The Bush tax cuts passed in 2001, blowing a massive hole in the budget and making federal taxes much less progressive. They also phased out the estate tax, encouraging the rise of dynastic fortunes. A few years later, Greenspan testified before Congress that the tax cuts, which were set to expire in 2010, should in fact be made permanent. The deficit, such a pressing concern in the 1990s, seemed to be much less of an issue under a Republican president. Though he would later, after the Great Recession, call for repealing the Bush tax cuts and would express regret for supporting them, at the time he was happy to leverage his considerable reputation in support of their passage.
Greenspan also played an important role in fending off regulation of new financial instruments in the late 1990s and early 2000s. The rise of more exotic financial products like collateralized debt obligations and credit default swaps in the ’90s stemmed from banks’ desire to offer higher-margin financial products to customers. While products like money market accounts were fairly generic and low margin, complex derivatives could be sold that were tailor-made for individual customers and hence far more lucrative for the banks.
But the bespoke nature of the products also hindered transparency. As financial institutions loaded up with custom-made derivatives, it became difficult for anyone, regulators or the banks’ own managers, to get an accurate estimate of the institution’s potential liabilities. As these instruments proliferated in the 1990s and were involved in several minor financial meltdowns, calls for their regulation began to sound.
In the face of these calls, Greenspan argued that any attempt at regulation of the new derivatives would be pointless and destructive. When Brooksley Born, head of the Commodities Futures Trading Commission, which was nominally in charge of derivatives regulation, began pushing for regulation, Greenspan invited her to lunch at the Fed and explained that “if a floor broker was committing fraud, the customer would figure it out and stop doing business with him.” As such, no regulation was necessary. When Born pushed ahead anyway with her attempt to rein in derivatives, Greenspan helped marshal public opposition to her from within the Clinton administration. When Congress passed a law making it impossible to regulate derivatives, the administration happily signed it.
Greenspan had succeeded in protecting the profits of investment bankers. But the derivatives that he saved from regulation would play a central role in the financial crisis of 2008, which itself would prove so destructive to Greenspan’s legacy. His advocacy on behalf of the powerful was not without a price.
Recently, as Donald Trump has embarked on a thuggish campaign of intimidation against the Federal Reserve, Greenspan’s reputation has received some rehabilitation.
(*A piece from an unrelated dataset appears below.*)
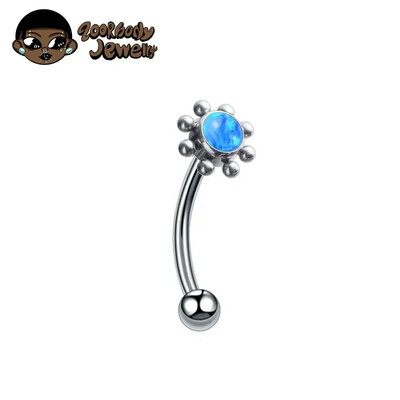 F136 Titanium Classic szemöldök piercing berakásos opál cirkon 16G belső cérna Banán ívelt ajak köldök piercing piercing ékszer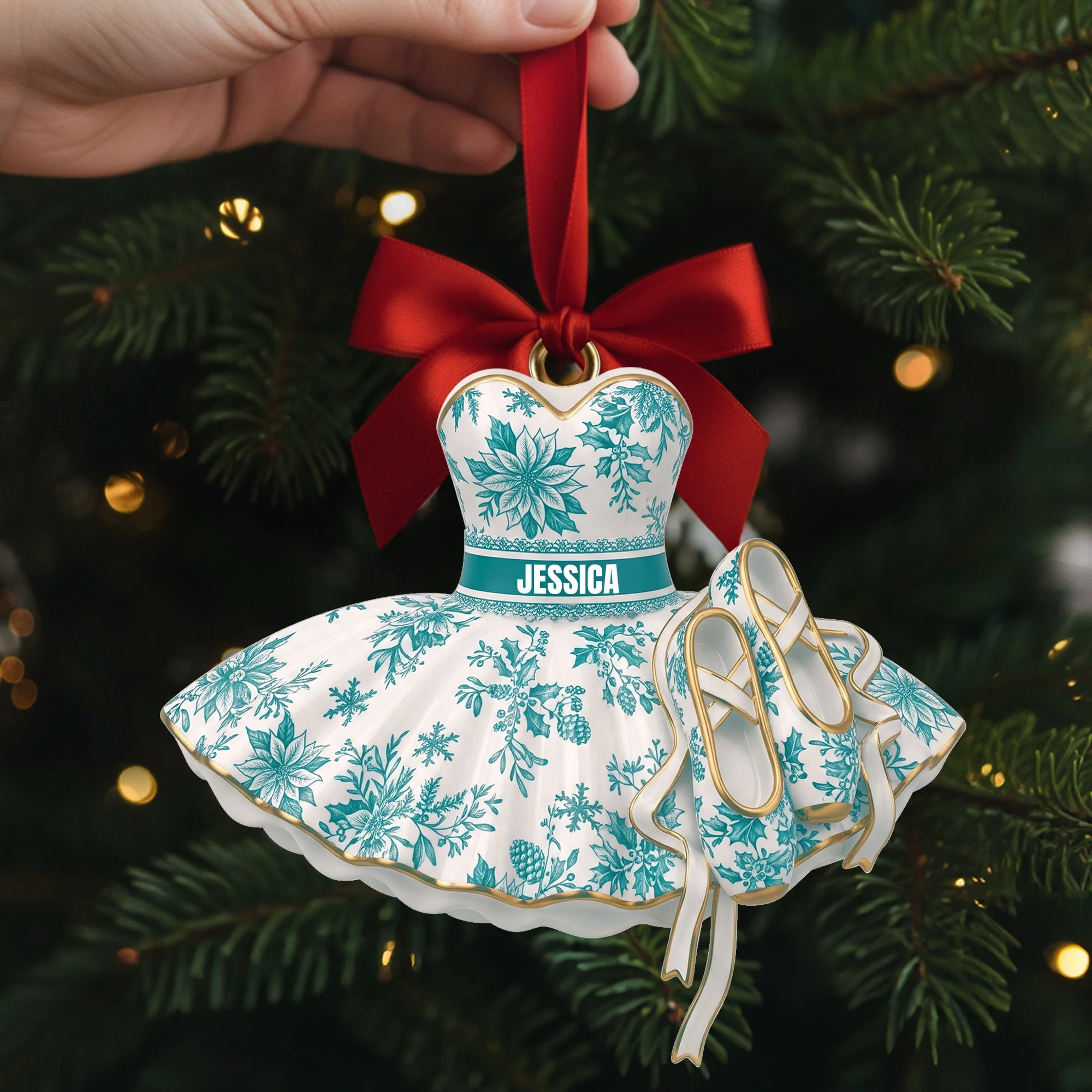 Blooming Ballet Dress - Personalized Acrylic Ornament - Christmas Gift For Her, Ballerina HH01 - Image 3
His occasional criticisms of Trump have bolstered his standing as the kind of institutionalist needed to contain a would-be autocrat. Yet Greenspan’s entire career was dedicated to unshackling the American economic elite, the very process that brought Donald Trump to power in the first place. A young Greenspan imagined gold as the ultimate protector of the wealthy; the policies he enacted delivered us a gilded tyrant.